Newly opened hotel and cafe Tian Jing (Chinese for air well) pays tribute to the area’s past by adopting the name to highlight the air well feature, which is unique to pre-war shophouses.

 

Its assistant marketing manager Marcus Lim said the furniture was hand-picked to resemble the olden days while decorations, murals, utensils and snacks in the cafe also reflected the area’s history.

Lim said older patrons loved the sense of nostalgia while the younger ones were excited to know the past.

One of its patrons even requested for her wedding photos to be taken there, because her mother once lived in the building.

“We are encouraged by the scene in Petaling Street that is becoming more vibrant, now, with many of us trying to do something to save its heritage,” Lim said, adding that the MRT has contributed significantly with more people flocking to the area.

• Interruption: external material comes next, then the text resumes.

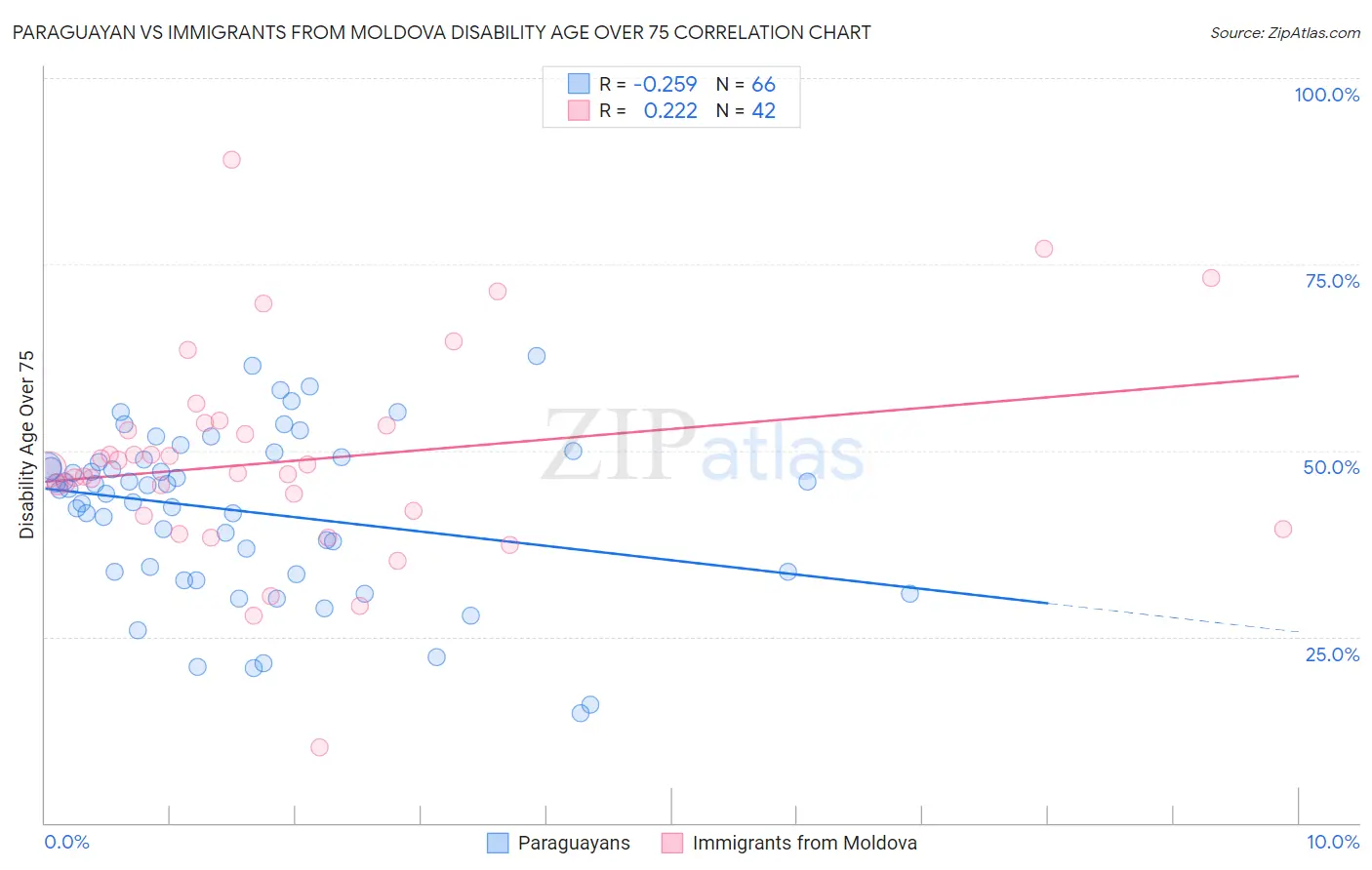 Paraguayan vs Immigrants from Moldova Disability Age Over 75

Leaf and Co. Cafe proprietor Hermes Mah said he wanted to introduce two new concepts to the popular hangout – a cafe that replicated Petaling Street 100 years ago, and a museum narrating the life of Kuala Lumpur’s pioneers, coupled with fun experiences that appeal to the young, such as a chance to try out old costumes.

The cafe, was once in such a bad shape that it was the backdrop for a Hong Kong horror movie.

After a thorough clean-up and some minor touch-up work and clever interior decorating, the cafe has been brought back to life.

Old furniture including disused sewing machines, fill the space while green plants lend a touch of freshness to the old-world setting, where Malaysian-Chinese fusion delicacies are served.